My Mac SE/30 Part V: New ROM, New RAM

In Part IV of this series I laid out some of my plans for upgrading the vintage Macintosh SE/30 I’ve been restoring.

I’d ordered a new GGLABS MACSIMM ROM replacement, to raise the system’s max RAM from 8MB to potentially 128MB. I’d also ordered 64MB of RAM, because as far as I knew only half the slots in my machine were functional, and I didn’t want to waste the money until I’d tested it out.

Installing the MACSIMM

Installing the MACSIMM is as easy as swapping RAM: gently unlock the clips that hold the original ROM SIMM in place to pop it out, then pop in the replacement. Here’s the original ROM SIMM:

Here’s the new MACSIMM:

And here’s it is installed in the SE/30’s motherboard:

The next order of business was to verify that the new SIMM worked. So I put everything back together and tried booting up the machine.

It didn’t work.

Instead of a pleasant chime and a Happy Mac, the machine made an awful sound and the display was staticky, snowy mess, commonly referred to as a “simasimac”. In my complete panic I didn’t think to take photos, but here’s some examples. This was the first time I’d started the machine since taking it apart and cleaning it, so it while it could have been a problem the MACSIMM, I couldn’t be sure.

I took everything back apart, reinstalled the original ROM, put it all back together, and was ecstatic that the machine came right back to life. So it was a problem with the MACSIMM, but what?
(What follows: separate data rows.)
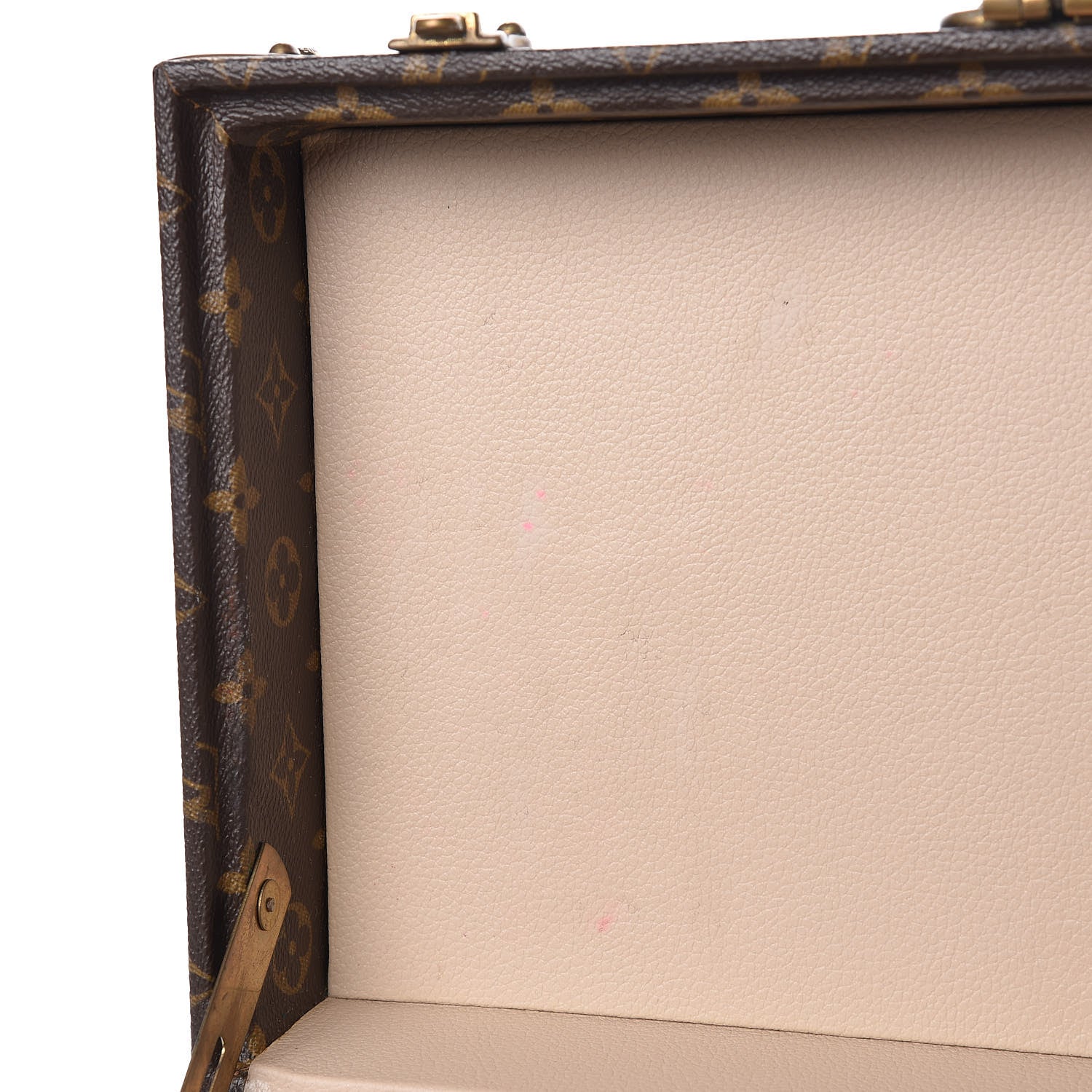 Louis Vuitton Monogram Boite Pharmacie Toiletry Case 18 of 20
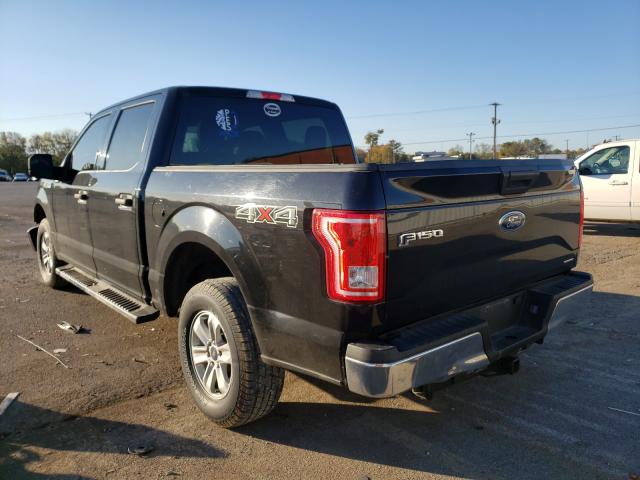 Photo 2 VIN: 1FTEW1EF3GFA23934 - FORD F150 SUPER 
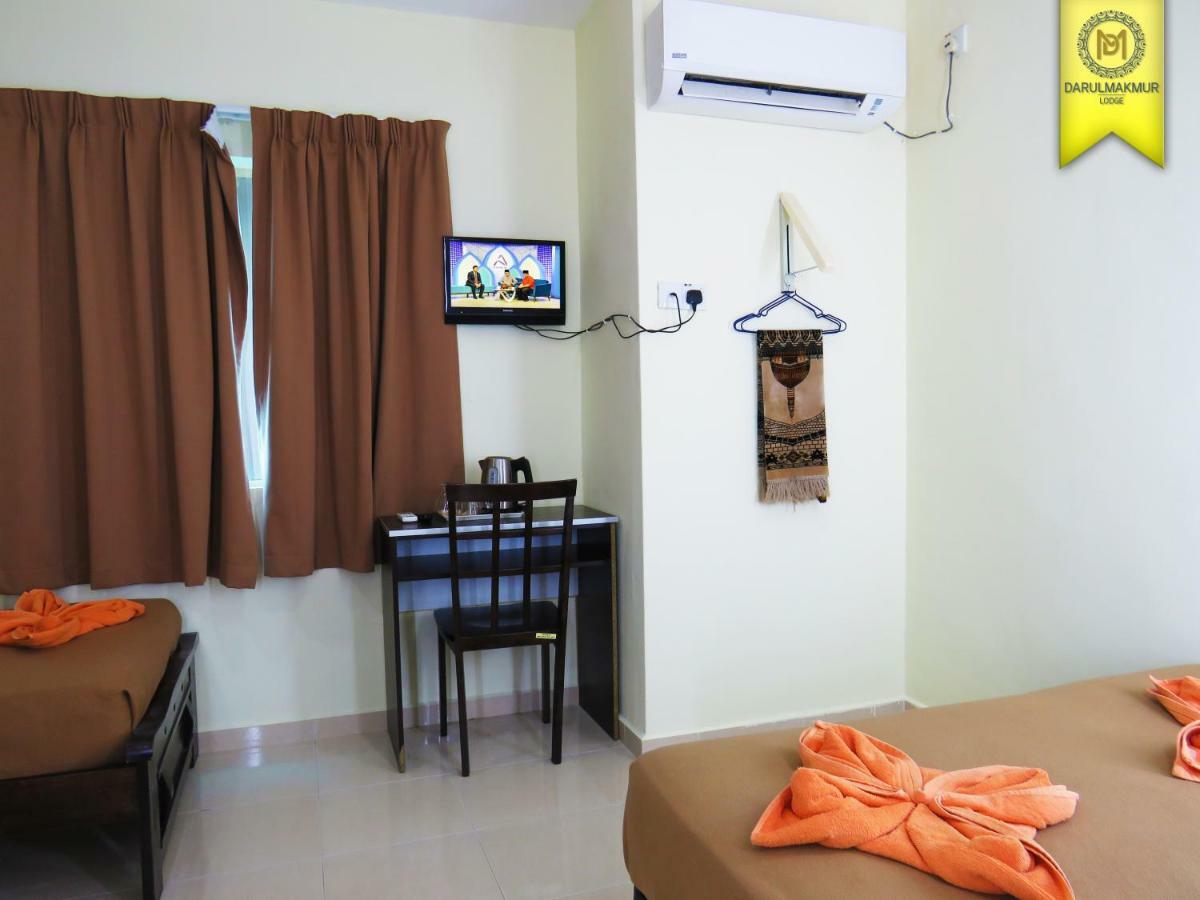 Hotel Darulmakmur Lodge Kuantan Dış mekan fotoğraf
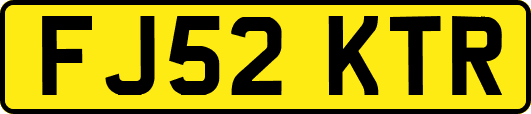 FJ52KTR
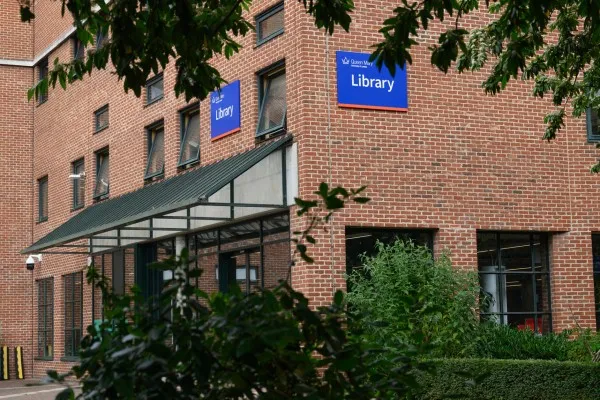 Meet the Library Services Senior Management Team  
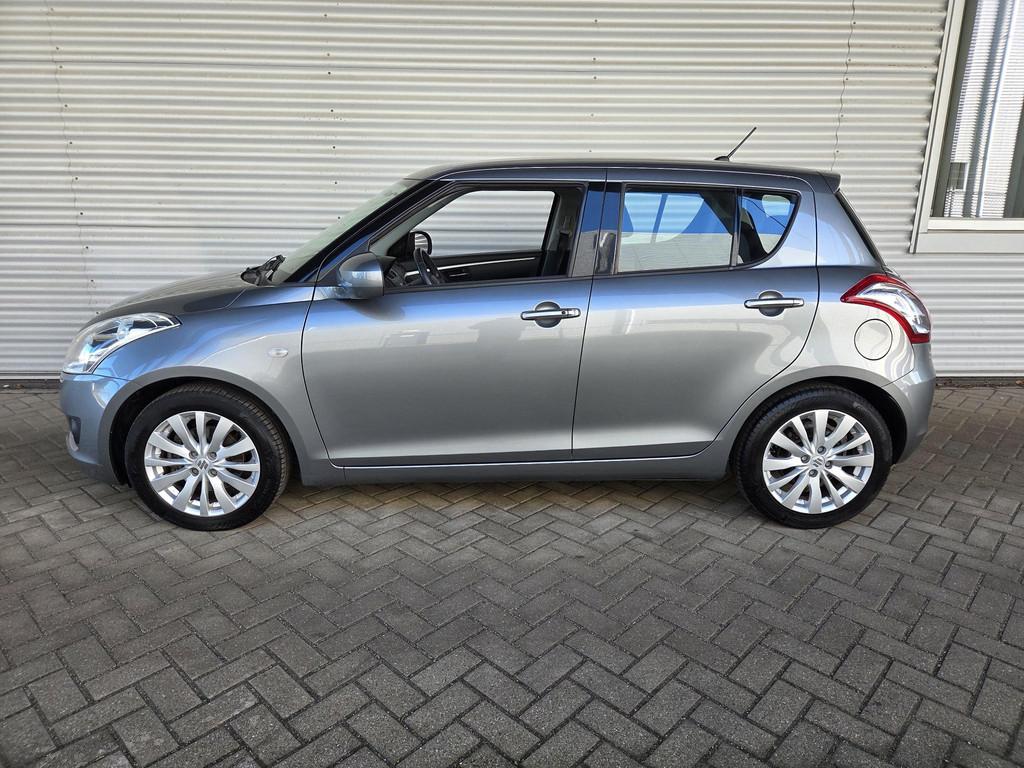 Suzuki Swift 1.2 Comfort EASSS, Auto's, Voorwielaandrijving, Euro 5, Stof, Gebruikt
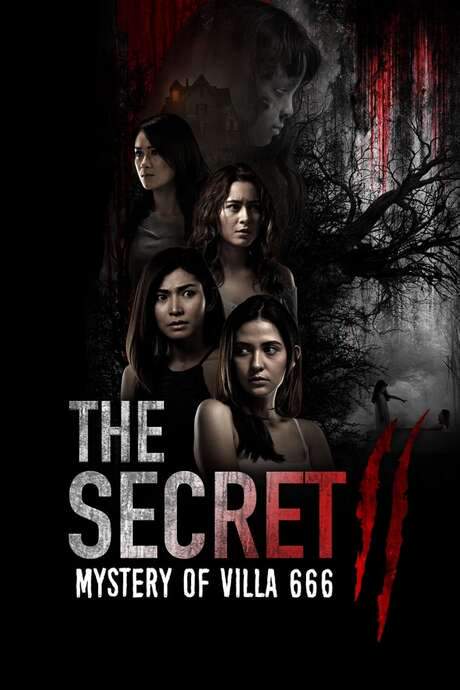 The Secret 2: Mystery of Villa 666 (2021) movie poster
I redid the whole process, and again, simasimac.

After some more research, I discovered in the installation guide for the Mac ROM-inator II (the competitor ROM that I didn’t buy) that there’s an extra hiccup when replacing the ROM on a SE/30. While the SIMMs are electrically compatible across a variety of classic mac models, the SE/30’s ROM board just happens to be physically thicker than normal. So the thinner replacement board doesn’t always make good electrical contact with the slot on the motherboard.

The solution, it turns out, is to ensure good contact by applying pressure to the back of the SIMM (the side without the chips). Since the SIMM is on the edge of the motherboard it’s still accessible even when installed, so I reached in, pressed as specified, then powered up.

It worked! Rather than the standard compact mac monotone startup sound, I was greeted by the II-era chime of my childhood.

Now, obviously leaving the case off and holding the ROM SIMM in place isn’t a long term solution, so time to find some other way to make sure it stays in place. Some users have 3D-printed special brackets to hold the SIMM, but I went with the simpler rubber-band approach:

It looks silly, but having rubber bands pull the SIMM in place is a common fix for this problem, and it works perfectly.

Upgrading the RAM

With the new ROM installed and tested, the next step was to upgrade the RAM. As I said before, I’d been lucky enough to find a good deal on four 16MB sticks, allowing me to bump this machine from its current 4MB to 64MB of RAM. Now in theory, if all of the RAM slots are actually working on this machine, I should be able to put in all the RAM I have and end up with 68MB.

Since older machines (especially the SE/30) can be picky about the order that RAM is installed, I decided my first test would be to install all 68MB of RAM with the new larger sticks in the known good slots and the old smaller sticks in the potentially bad slots.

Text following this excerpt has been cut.